When canine couture met high fashion in the courtroom, Condé Nast, publisher of Vogue, launched a legal battle over whether the upstart dog fashion magazine Dogue is a harmless parody or a trademark infringement that threatens one of fashion’s most iconic brands.[1]  In 1892, Condé Nast adopted VOGUE as the title of a print fashion magazine, and in the following 134 years, Vogue has become the “most widely recognized and revered fashion publication” in the United States.[2]  Since first registering the VOGUE trademark in 1919, Condé Nast has obtained more than sixty active registrations for the VOGUE Marks with the U.S. Patent and Trademark Office (USPTO).[3]  But with fame comes imitation, as others seek to borrow from the prestige of the VOGUE name.[4]
Consequently, Tasty Work, LLC published Dogue which is a “periodical focusing on dogs, dog fashion and celebrity dog owners.”[5]  In August 2025, Tasty Work, LLC applied to register the mark “Dogue” with the USPTO but was met with a formal notice of opposition in October with the Trademark Trial and Appeal Board.[6]  In December 2025, when Tasty Work refused to stop using the name, Condé Nast sued for trademark infringement among other claims, arguing that the Dogue canine fashion magazine is confusingly similar to the Vogue brand by mimicking their font and style.[7]

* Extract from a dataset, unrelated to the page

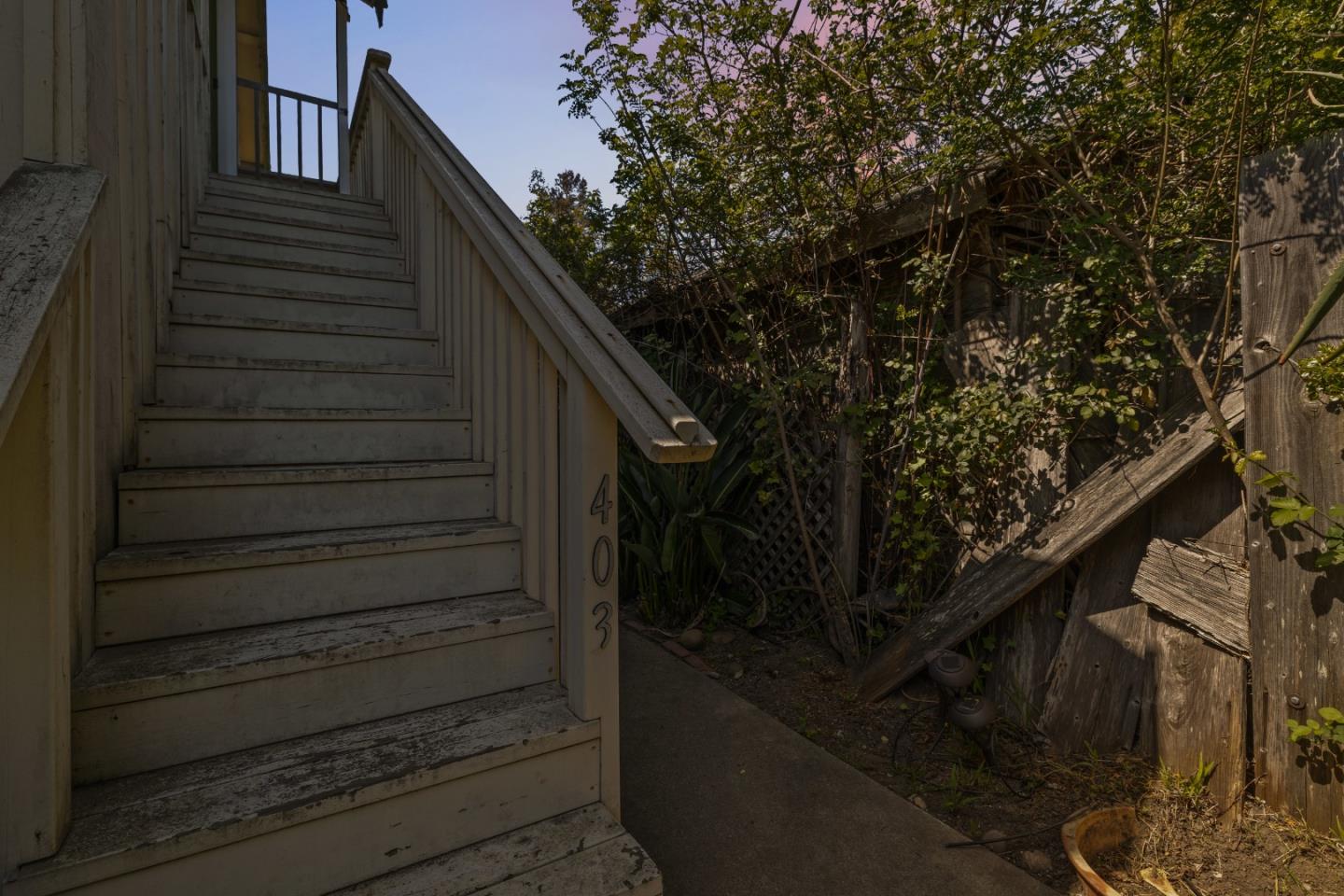 Detail Gallery Image 87 of 110 For 399 13th Ave, Santa Cruz,  CA 95062 - 3 Beds | 3 Baths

While the proceeding is ongoing, Condé Nast will likely prevail regarding its trademark infringement claim.[8]  The touchstone of trademark infringement is likelihood of consumer confusion.[9]  Here, the likelihood of confusion between Vogue and Dogue is high for a number of reasons.[10]  First, the strength of the mark strongly favors Condé Nast because Vogue is an inherently distinctive and very famous mark in fashion publications, warranting broad protection.[11] Second, the marks are undeniably similar: they differ only by one letter, share the same sound and cadence, and feature a similar font, layout, and minimalist aesthetic.[12]  Third, proximity and overlapping marketing channels favor Condé Nast because both magazines target similar audiences and are likely to be sold through the same distribution channels such as bookstores, newsstands, and online subscriptions.[13]  Fourth, the likelihood of product-line expansion favors Condé Nast, which has used the word “Dogue” for its own projects, including a Dogue competition in 2025 and a digital campaign in 2024 featuring celebrity pets.[14]  Finally, Tasty Work intentionally designed Dogue to resemble Vogue, “confusing consumers into believing that the Dogue magazine was connected or associated with, or licensed by, Condé Nast.”[15] 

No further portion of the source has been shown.